Solchen Gegenwind ist Nahles gewohnt. Er fuhr ihr als Juso-Chefin um die Ohren, dann als Parteivize, Generalsekretärin und Arbeitsministerin. Da bewies sie, dass sie austeilen, aber auch einstecken kann. Besonders unter Sigmar Gabriel als SPD-Chef. Ihr Verhältnis gilt als „kompliziert“und wird, nachdem sie an der Personalrochade beteiligt war, nicht besser werden. Denn dass sich ein Machtmensch wie Gabriel nicht aufs Abstellgleis schie- ben lässt, mussten ihr und der SPD-Spitze bewusst gewesen sein. Ebenso, dass er kämpfen und Schulz mitreißen wird.

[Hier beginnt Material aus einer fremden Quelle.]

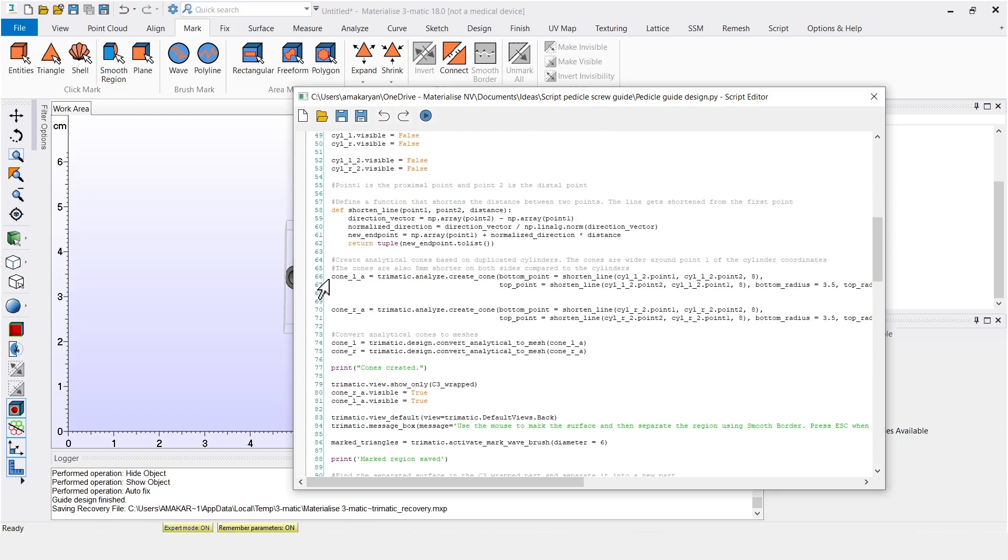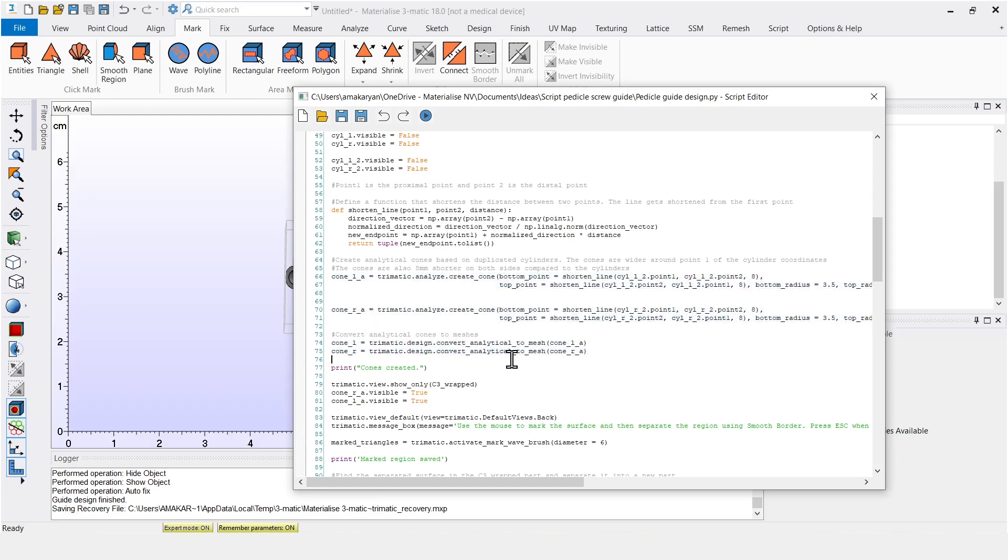Next we create cones around the positions of the screws. And if we take a closer look at the code, some methods correspond directly to the tools in 3matic, like create cone or convert analytical to mesh.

Dass der Posten des Außenministers vakant und weitere noch nicht bekannt sind, reibt die Genossen zunehmend auf. Dabei soll angeblich längst vereinbart sein, dass Olaf Scholz Finanzminister und Vizekanzler wird. Er selbst schweigt dazu, hält sich die Tür im Rathaus noch offen. Denn wer weiß, ob es zur Koalition kommt. Morgen tritt er beim Politischen Aschermittwoch in Bayern auf, wo sich 2017 noch Schulz feiern ließ. Für fulminante Reden ist Scholz nicht bekannt, dafür als kühler Stratege. Mit der temperamentvollen Nahles könne er aber gut zusammenarbeiten, die beiden vertrauten einander, heißt es. Schnell wird hier in Berlin der Vergleich zu einem anderen ehemaligen SPD-Duo gezogen: Oskar Lafontaine und Gerhard Schröder. Sie teilten sich einige Jahre erfolgreich die Macht: Der eine hielt die Partei zusammen, der andere reüssierte im Kanzleramt. Wie deren Bündnis ausging, ist bekannt: Sie sind sich heute spinnefeind.